B. The Superior Court properly denied Rosas-Jose's motion for judgment of acquittal.
(21) Rosas-Jose separately argues that the Superior Court erred in denying his motion for judgment of acquittal on the first-degree burglary charge. On appeal from the denial of a motion for judgment of acquittal, we apply the same standard as the trial court. That is, we consider whether "any rational trier of fact, viewing the evidence in the light most favorable to the State, could find the defendant guilty beyond a reasonable doubt of all the elements of the crime." In order to find Rosas-Jose guilty of Burglary First Degree, the jury was required to find beyond a reasonable doubt that he knowingly entered or remained unlawfully in an occupied dwelling with the intent to commit a crime therein, and raped K.E.P. while in the dwelling. Rosas-Jose contends that the State did not present sufficient evidence that he remained unlawfully in K.E.P.'s residence and formulated the necessary intent to commit a crime before or at the time he entered the dwelling.

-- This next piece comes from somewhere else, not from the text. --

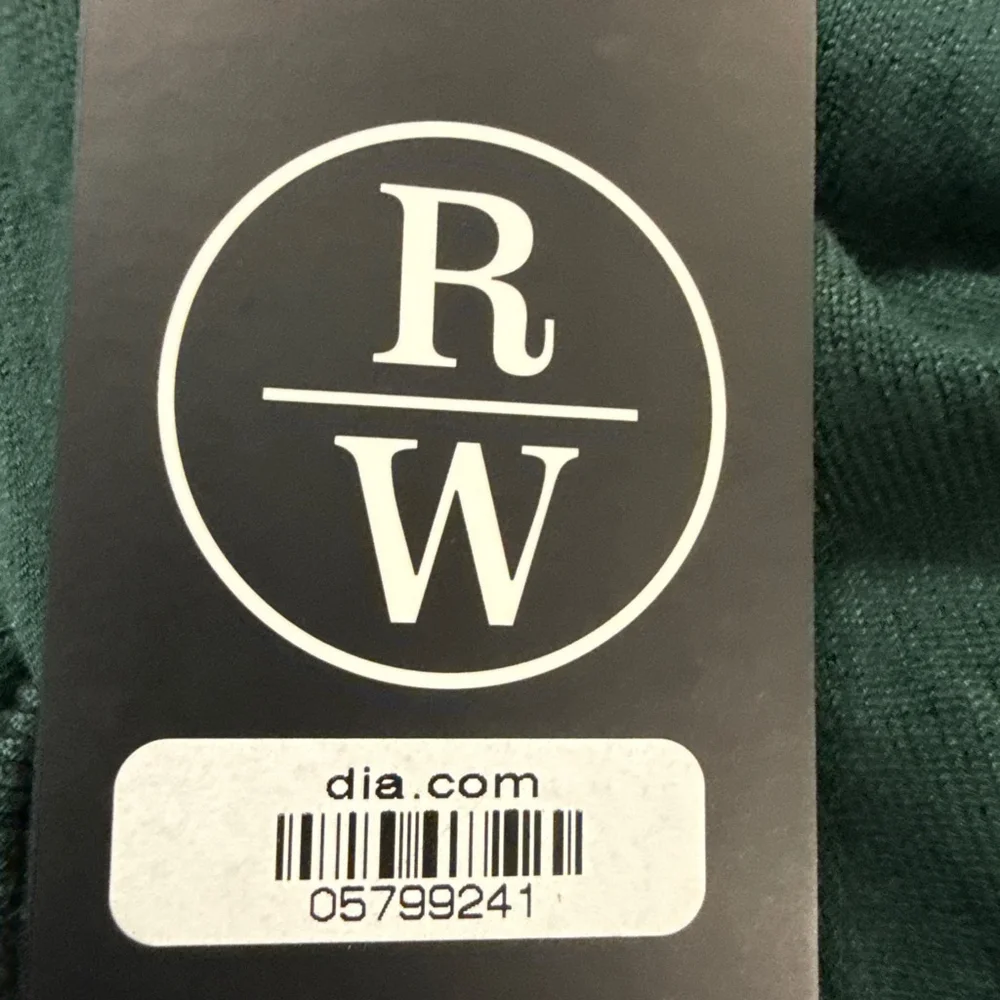 Women's Ryan Wythe Green Crew Neck Sweater 5X - Picture 5 of 6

Cline v. State, 720 A.2d 891, 892 (Del. 1998). See also Ways, 199 A.3d at 106-07.
See 11 Del. C. § 826(b); App. to Answering Br. at B1 (Indictment, Count I).
Opening Br. at 10-11.
(22) The Superior Court correctly concluded that a rational fact-finder could find Rosas-Jose guilty of first-degree burglary. First, with respect to whether he entered or remained unlawfully in K.E.P.'s residence, Rosas-Jose did not reside in the home, and K.E.P.'s mother testified that she did not give Rosas-Jose permission to enter the home that morning. K.E.P. testified that the door was locked that morning, and when Rosas-Jose came to the room where she was sleeping, she kicked him and tried to get away from him. That evidence was sufficient for a rational trier of fact to conclude that Rosas-Jose entered, or at least remained, unlawfully in the home. Second, with respect to the element of intent, Rosas-Jose incorrectly argues that the State was required to prove that he formulated the intent to commit a crime before or at the time he entered the residence. Although that was a correct statement of the law under a previous version of the Burglary First Degree statute, Delaware law now provides that the requisite intent for burglary may be formed before the unlawful entry, concurrent with the unlawful entry, or after the entry while the person remains unlawfully. The State provided ample evidence that Rosas-Jose formulated the intent to rape K.E.P. while he remained unlawfully in her dwelling, a conclusion even Rosas-Jose does not dispute.
Dolan v. State, 925 A.2d 495, 498-501 (Del. 2007).
11 Del. C. § 829(f). That subsection was added in 2008. See 76 Del. Laws c. 267, § 1.
See Opening Br. at 11 ("[a]ny criminal mens rea was established after encountering [K.E.P.]").
NOW, THEREFORE, IT IS ORDERED that the judgment of the Superior Court is AFFIRMED.